> REQUIRED WORK
Could you retype every line below exactly, omitting the images?

==== INFORMATION PROVIDED ====

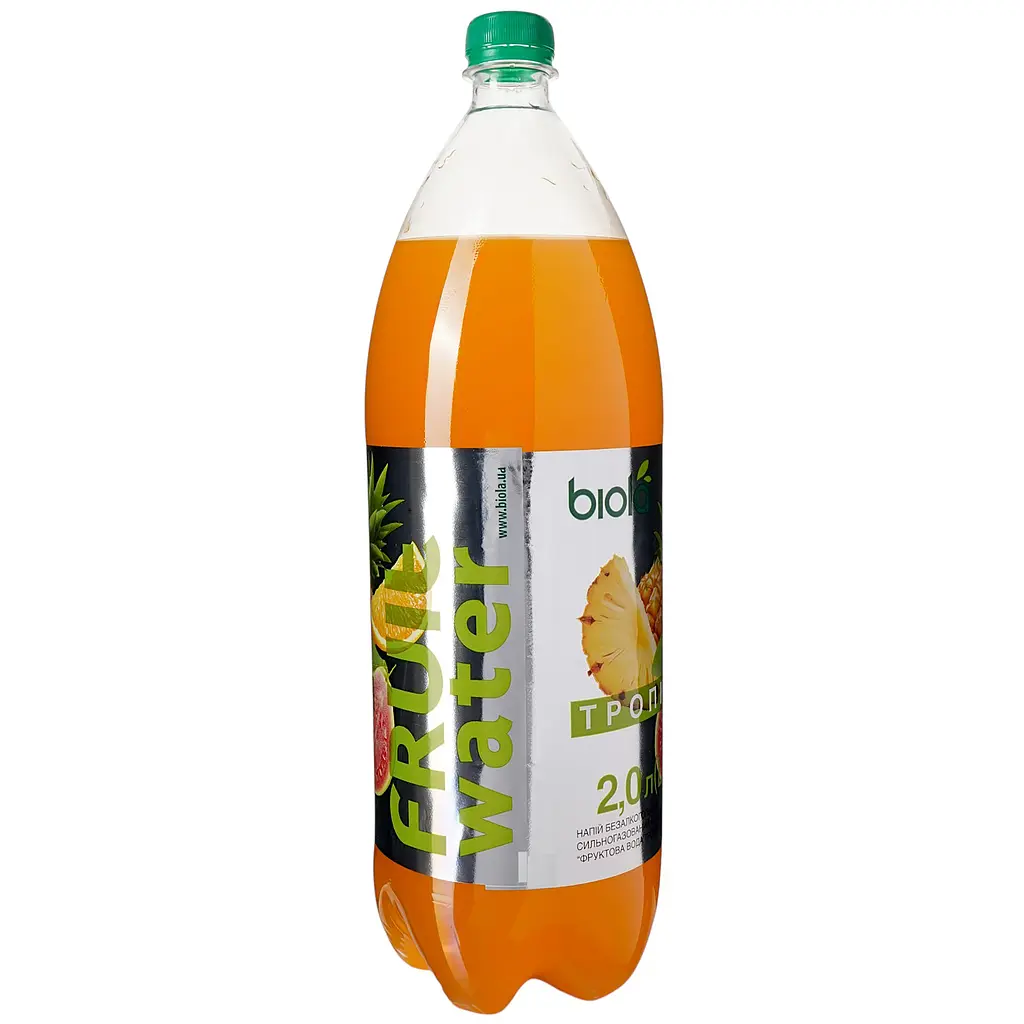 Напій Biola Fruit Water Тропік 2 л - фото 4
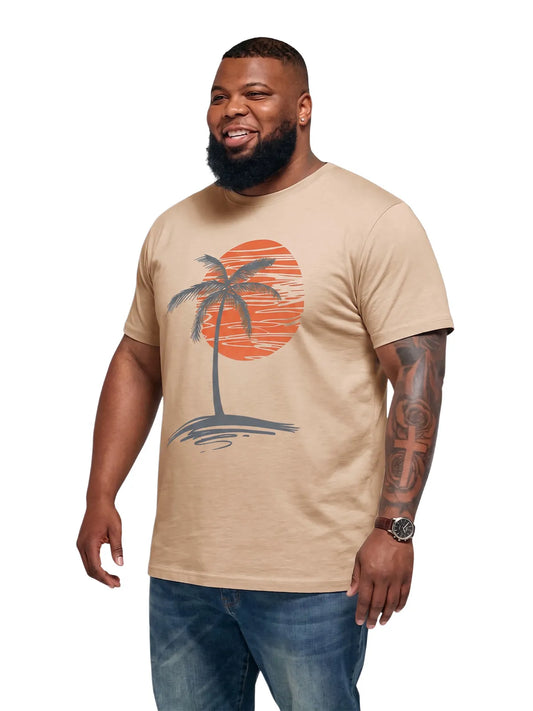 Runcati Mens Khaki Big and Tall Shirts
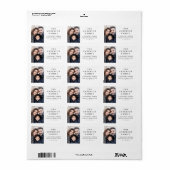 Familiefoto elegant wit retouradres etiket (Full Sheet)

====

> RESULT BELOW
 Напій Biola Fruit Water Тропік 2 л - фото 4
 Runcati Mens Khaki Big and Tall Shirts
 Familiefoto elegant wit retouradres etiket (Full Sheet)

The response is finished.